**Task statement**
Leaving out all pictures, write out word for word the lines from the one containing "Mode d’emploi Sony" to the end of the data below.

Extracted records
**********
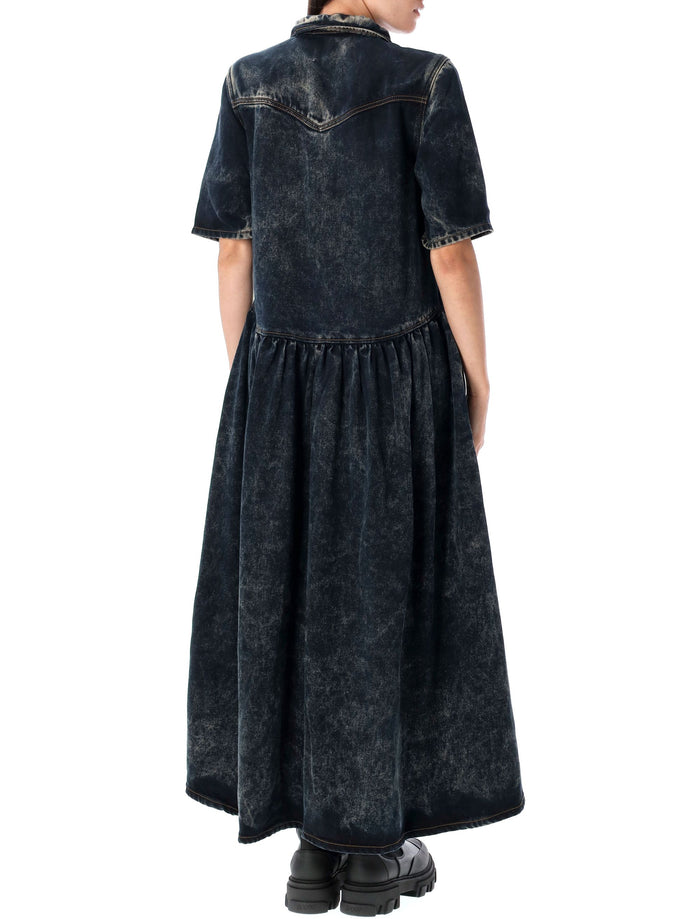 Washed denim maxi dress Black Tencel ™ Lyocell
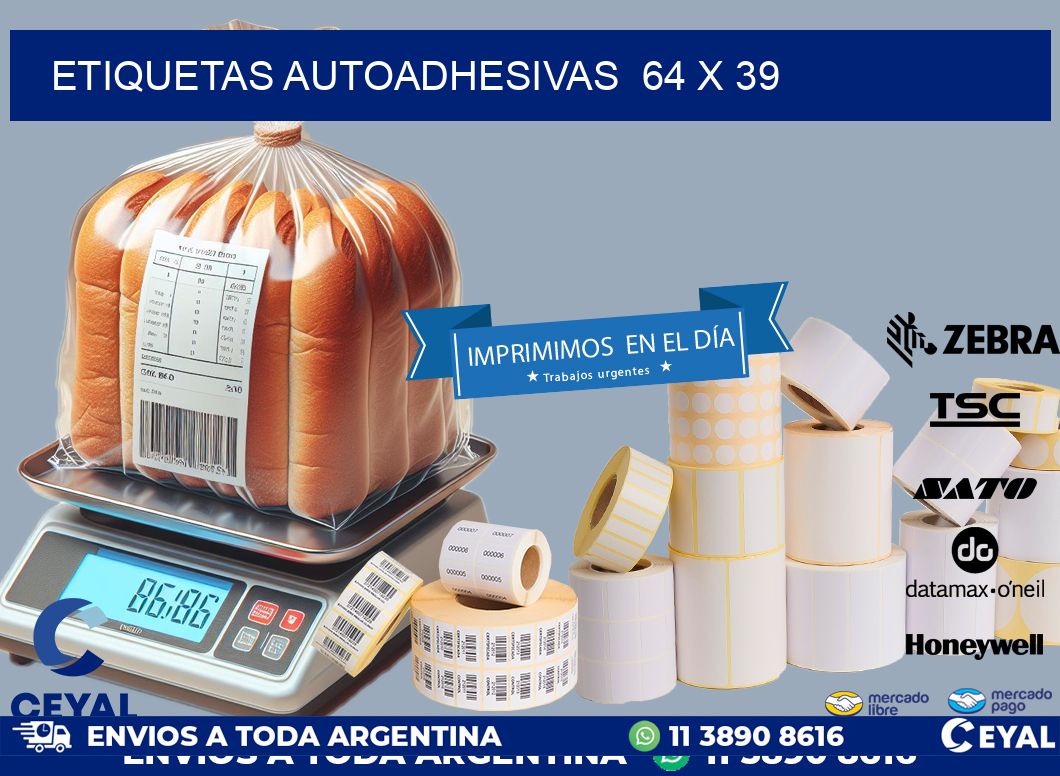 ETIQUETAS AUTOADHESIVAS  64 x 39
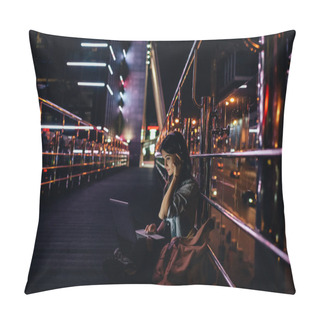Personality  Side View Of Woman Listening Music In Headphones While Using Laptop On City Street At Night Pillow Covers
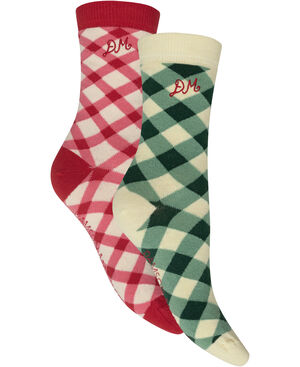 CALF LENGTH 2 PACK SOCKS- GINGHAM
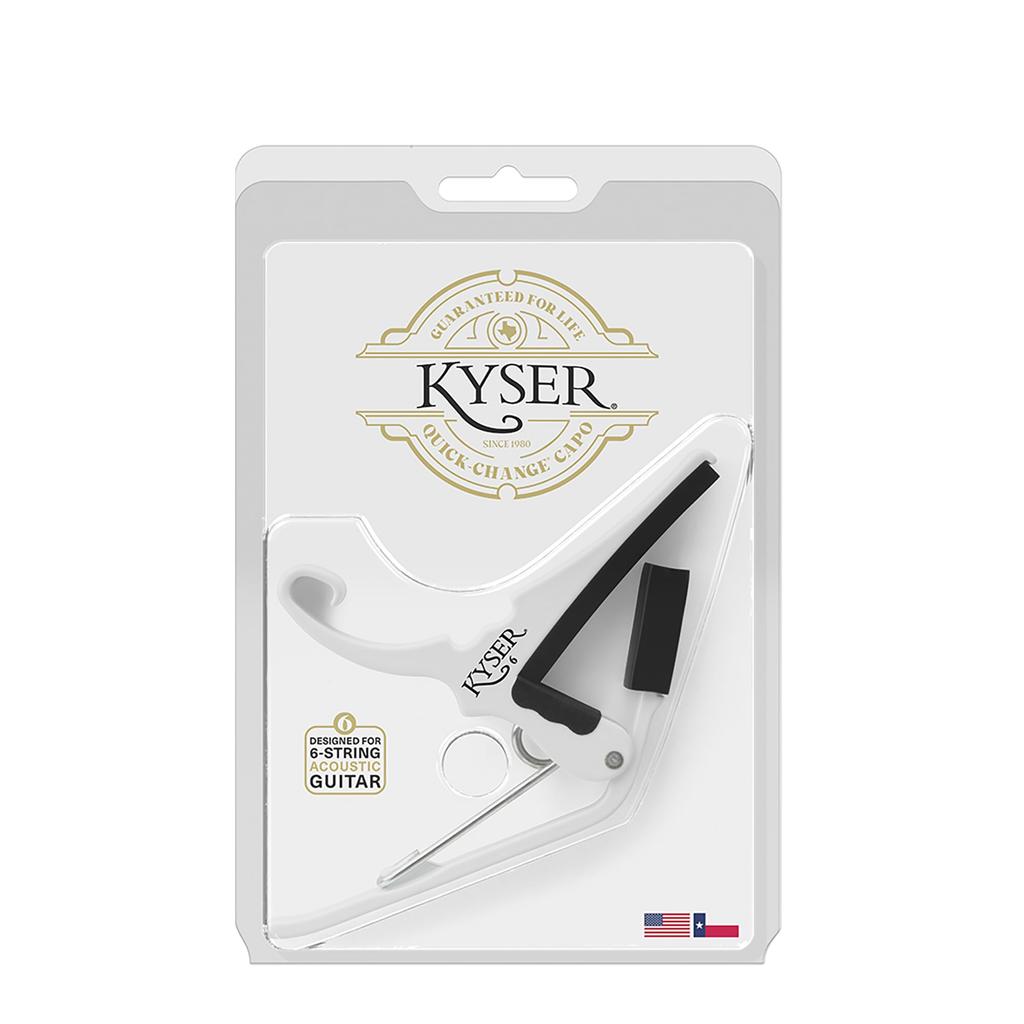 Kyser KG6W Guitar Lightweight for Acoustic White Capo, Aluminum, 6-String Guitars,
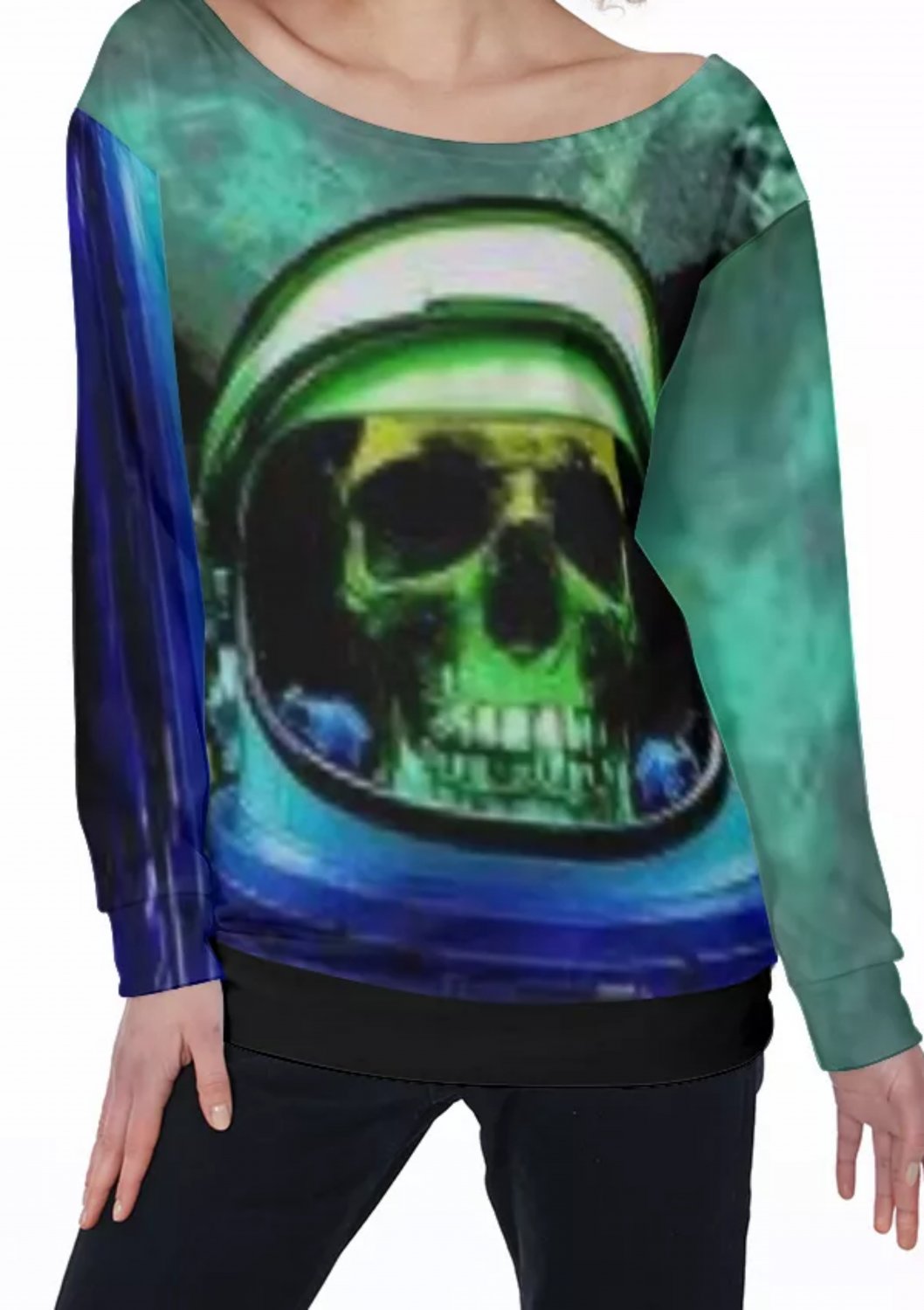 Space Skull All-Over Print Women's Off-Shoulder Sweatshirt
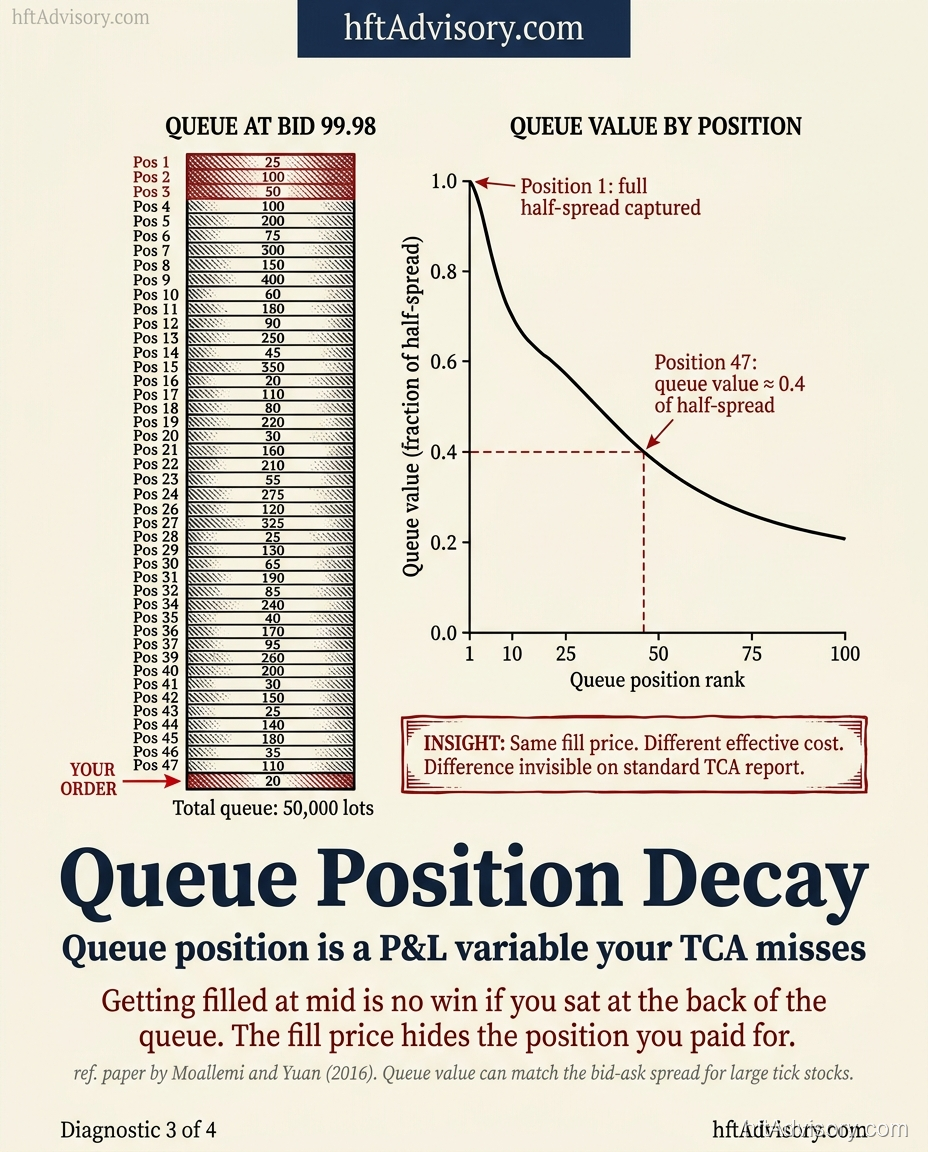 Queue position P&L impact diagram showing limit order book queue depth and Moallemi-Yuan 2016 decay curve illustrating adverse selection cost as a function of queue position in large tick-size stocks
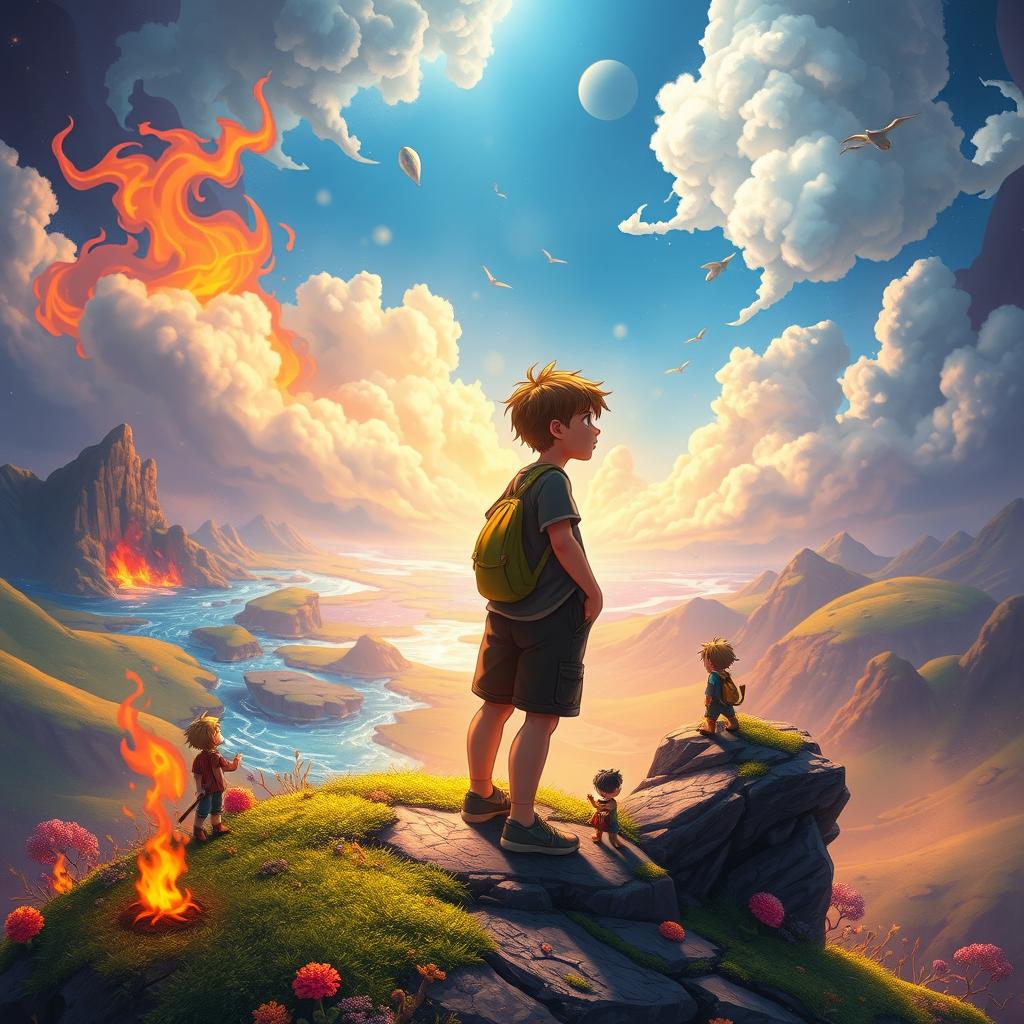 A long book cover featuring two teenage boys looking into the distance in a mystical, colorful, and animated fantasy world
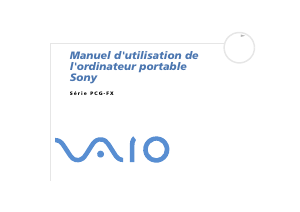 Mode d’emploi Sony Vaio PCG-FX503 Ordinateur portable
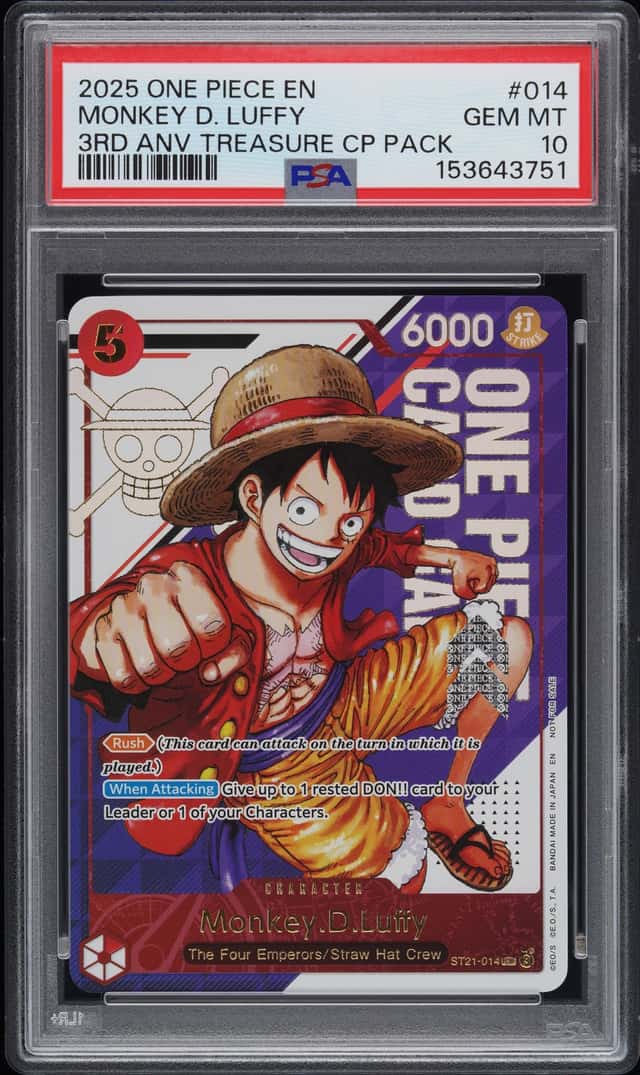 2025 One Piece 3rd Anniversary Treasure Campaign Pack Monkey D. Luffy #ST21014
**********
**Answer to this problem**
 Mode d’emploi Sony Vaio PCG-FX503 Ordinateur portable
 2025 One Piece 3rd Anniversary Treasure Campaign Pack Monkey D. Luffy #ST21014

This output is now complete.